Today’s CPG brands must evolve their once-beloved products through responsible reinvention to appeal to a generation of kids and parents who often prefer quinoa to Wonder Bread.
Marry nostalgia with current consumer desires
Legacy brands can get pretty far on nostalgia, but it’s not enough on its own. Instead, products must adapt to what consumers want while maintaining their core attributes. Today’s consumers typically crave products with a benefit beyond just taste. This includes foods and beverages that cater to dietary restrictions (low carb, gluten-free, etc.) or complement an experience, like eating popcorn at the movies.
The not-so-nutritious-but-totally-delicious Doritos brand has survived its competition’s wrath since 1964. Marketing itself as the go-to football Sunday snack and consistently releasing iconic Super Bowl advertisements, Doritos has proven its nostalgic quality (some are still mourning the loss of Doritos 3D chips from the 2000s) and remains legendary from Gen X to Gen Z. Meanwhile, Doritos understands its consumer base and continuously gives them what they want, such as teaming up with Taco Bell to deliver the infamous Doritos Locos Taco to the Pizza Hut Australia collaboration, which offered the Doritos Crunchy Crust Pizza, to crazy bold flavor experiments.
Stay true to your core function
While it’s important for any brand to be conscious of lifestyle and health trends, there’s a danger for legacy products when they change just to stay trendy, risking the loss of beloved core attributes. Sure, people are more health conscious, but many still want to indulge in delicious and familiar things. No one eats Ellio’s Pizza or Hot Pockets because they’re healthy. However, for similar brands, there’s no sense in adapting to keep up with wellness trends or drastically revamping the recipe, especially if it changes the taste or isn’t going to appeal to a health-conscious consumer anyway.

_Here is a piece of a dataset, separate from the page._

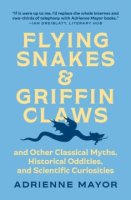 Flying_snakes___griffin_claws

A brand that successfully pivoted without changing its recipe or taste is Nabisco Animal Crackers. Their packaging always had a nostalgic undertone, recalling a time when circuses kept caged animals. This idea might have once been associated with joy and adventure, but the brand tactfully redesigned its packaging to show animals walking free in response to a new era that sees old circus practices as cruel. A simple change to the product generated publicity and renewed relevance.
This isn’t to say that these kinds of products can’t invigorate their brands with new flavors, but there’s no point in keeping up with trends if you lose that irreplaceable factor that earned you iconic status in the first place.
A lot of heritage brands are giving up
In their rush to catch up, many brands are losing sight of what they mean to consumers. They must embrace their brand identity, own their uniqueness in today’s market and put some effort into appealing to modern consumers by refreshing their style to modernize marketing efforts.
A favorite that is poised for responsible brand reinvention is Bugles, which has the perfect ingredients to succeed in today’s landscape. It’s a fan favorite, tastes good, has a unique name and shape and a variety of flavors. In order to thrive, the brand should take a page out of Frito-Lay’s playbook, whether that means marketing Bugles as an occasion-based snack or integrating it into fun recipes. Bugles must pivot its marketing by leveraging digital and social platforms for its loyalists to become advocates.
Another example is Yoo-hoo. It’s not chocolate milk enriched with calcium and vitamin D, rather, it’s a delicious chocolate drink made primarily of water and sugar. But instead of disingenuously hailing itself as a nutritious elixir, the product is more likely to capture consumers who crave drinks that simply taste good. It needs to aggressively market itself as a fun alternative to soda and embrace the fact that fewer loyal customers can be more valuable than lots of occasional ones.
In turbulent times, there are few things people appreciate as much as good, old-fashioned nostalgia. It’s incredibly comforting to experience enjoyable foods that trigger positive memories. But in order to stay relevant and avoid falling into a novelty trap, legacy brands must understand their position, refresh their packaging and promote what they stand for. Only then will they earn the respect and attention of the people who once loved them so they can comfortably welcome their kids as a new generation of brand loyalists.